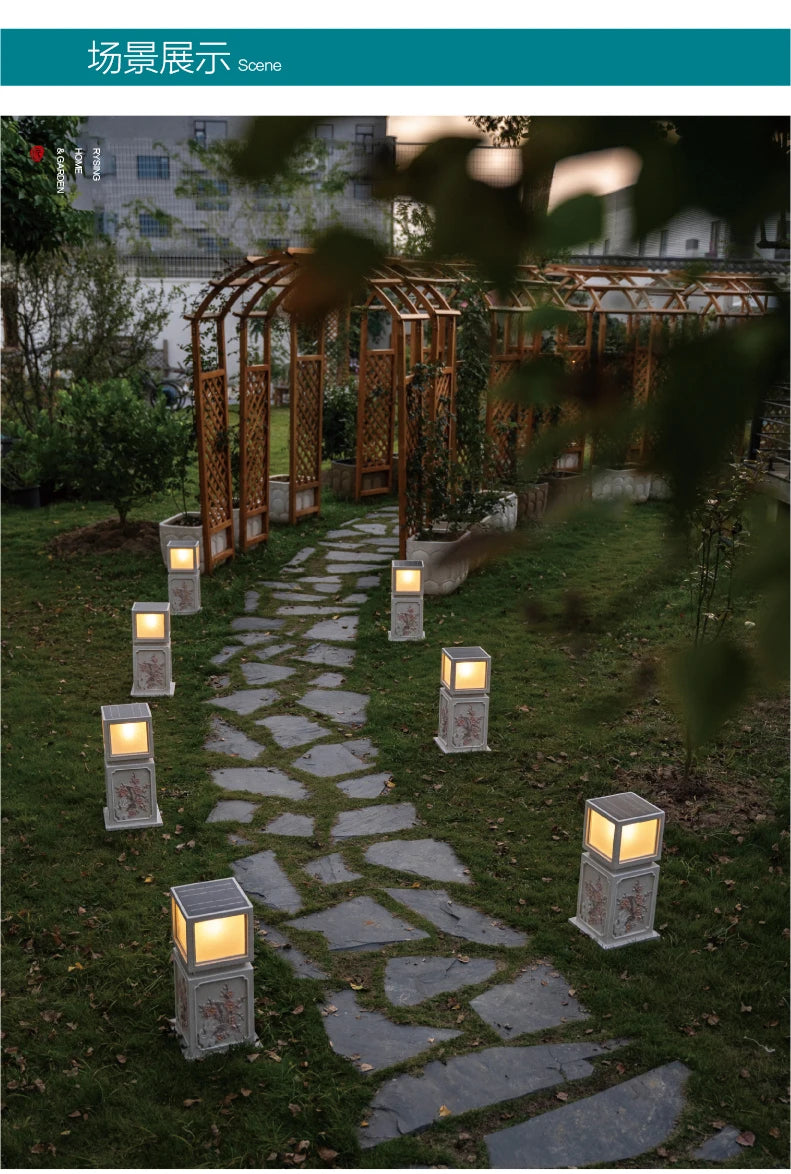 courtyard landscaping arrangement solar lawn Chinese garden outdoor villa landscape
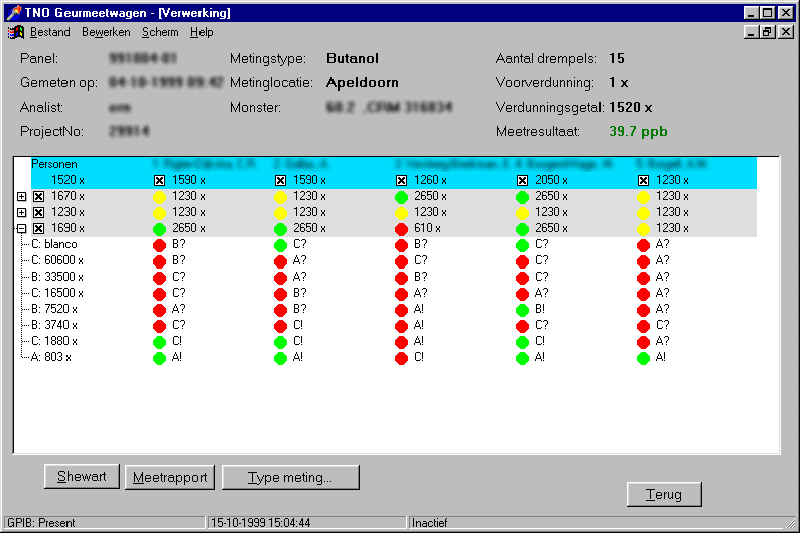 Screenshot TNO Geurmeetwagen software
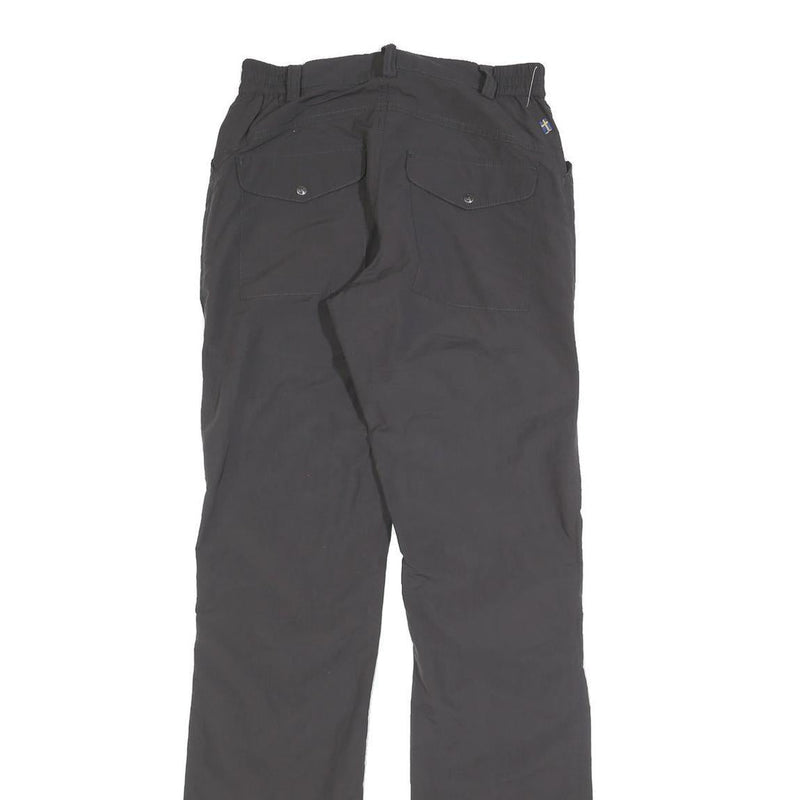 FJALLRAVEN Womens Polyester Blend Slim Black Trousers W26 L32 Outdoor Adventure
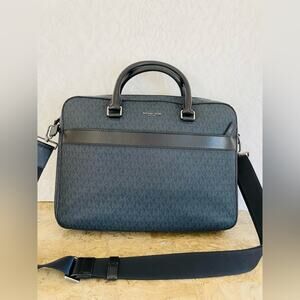 MICHAEL KORS Harrison blue/navy leather briefcass
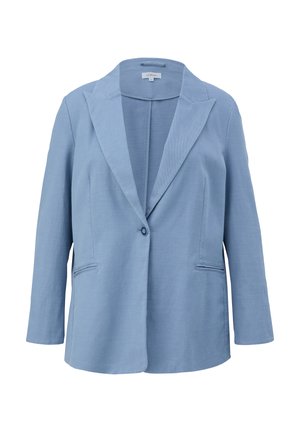 Lichtblauwe blazer met aangeknipte revers, sluiting met één knoop en twee voorkruiszakken. Gemaakt van een gladde, gestructureerde stof.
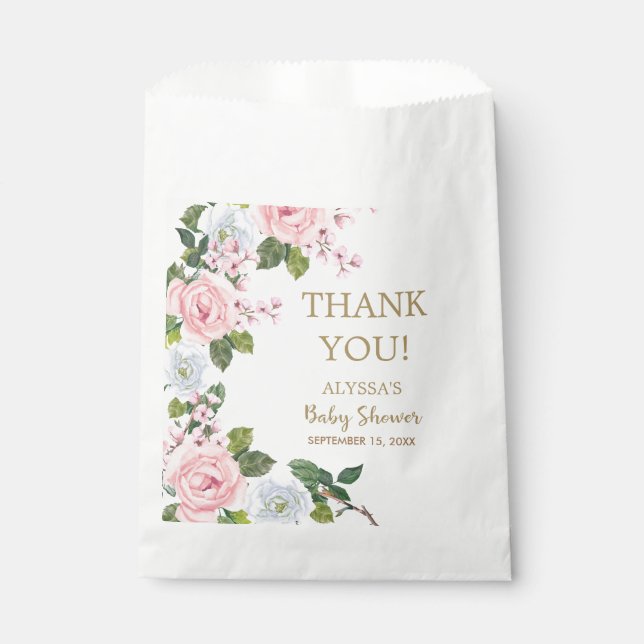 Bolsa De Papel Baby Shower Floral blanca rosa Gracias (Anverso)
____________
Your assignment:
Please restate word for word the lines above, starting with the line that holds "FJALLRAVEN Womens Polyester" and ending with the final line of the records, while leaving out pictures.

Answer box:
 FJALLRAVEN Womens Polyester Blend Slim Black Trousers W26 L32 Outdoor Adventure
 MICHAEL KORS Harrison blue/navy leather briefcass
 Lichtblauwe blazer met aangeknipte revers, sluiting met één knoop en twee voorkruiszakken. Gemaakt van een gladde, gestructureerde stof.
 Bolsa De Papel Baby Shower Floral blanca rosa Gracias (Anverso)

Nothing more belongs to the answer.